Maximum number of domains?

groefie

Verified User
Joined
Apr 1, 2005
Messages
32
Ok guys, here's the problem:

this morning I added a new account on one of our servers. Everything went fine, apache restarted without a problem but after that all of the sites on the server were down.

So I deleted that new account again, restarted apache and all sites were back up.

Now it seems I can't add a new account on the box anymore unless I delete another account, so there must be a limit somewhere. Even adding a subdomain goes wrong, which means that when one of our customers adds a subdomain all sites will go down after apache restarts.

To prevent this I've deleted some inactive accounts on the server.

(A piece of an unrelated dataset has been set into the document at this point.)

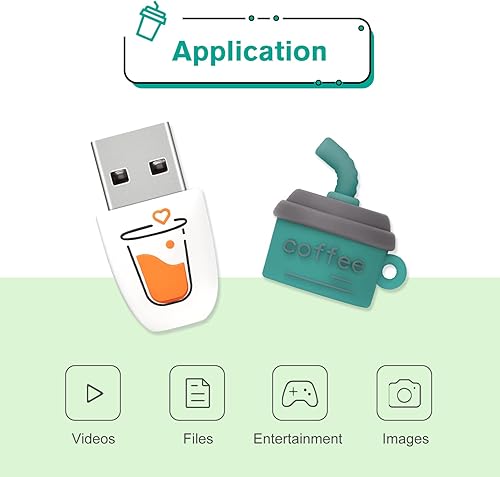 Miniatura 3 de LEIZHAN Cute Coffee - Memoria USB para computadora, memoria USB para profesores, estudiantes, familiares y amigos (32 GB, café verde)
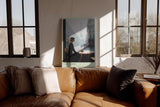 Paul Sinus Wandbild in 40x60cm Café Femme – Romantische Szene einer Frau in einem Pariser Café mit Blick auf den Eiffelturm, moderne Bilder in sanften, stimmungsvollen Farbtönen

But of course that's only a temp. solution.

So my question now is: can I change the maximum number of accounts/sites/domains somewhere? I've looked in httpd.conf but couldn't find anything related to that. :confused:

These are the current # of domains on that box:

# of Users 390
# of Domains 585
# of SubDomains 420


Thanks in advance.
 
Limits are OS distribution dependent, and should probably be taken up with a support group for the OS you use.

But first perhaps you should do some homework.

Count the lines in /etc/passwd; that's the number of users you've got.

Check the error log for apache in realtime (use the tail command; for instructions see "man tail") while you restart your httpd daemon (how to do this depends on the OS distribution, but you can do it from the directadmin control panel if you're not sure how to do it from the command line).

Jeff
 
Hi,

this is the output of the error log when apache restarts:

[Sat Aug 27 18:23:58 2005] [notice] caught SIGTERM, shutting down
[Sat Aug 27 18:24:03 2005] [notice] Apache configured -- resuming normal operations
[Sat Aug 27 18:24:03 2005] [notice] suEXEC mechanism enabled (wrapper: /usr/sbin/suexec)
[Sat Aug 27 18:24:03 2005] [notice] Accept mutex: sysvsem (Default: sysvsem)

even when I add a 'domain too much'. Nothing wrong there. Apache just starts up but the sites aren't reachable unless I delete a domain or subdomain on the box again. All other services work well.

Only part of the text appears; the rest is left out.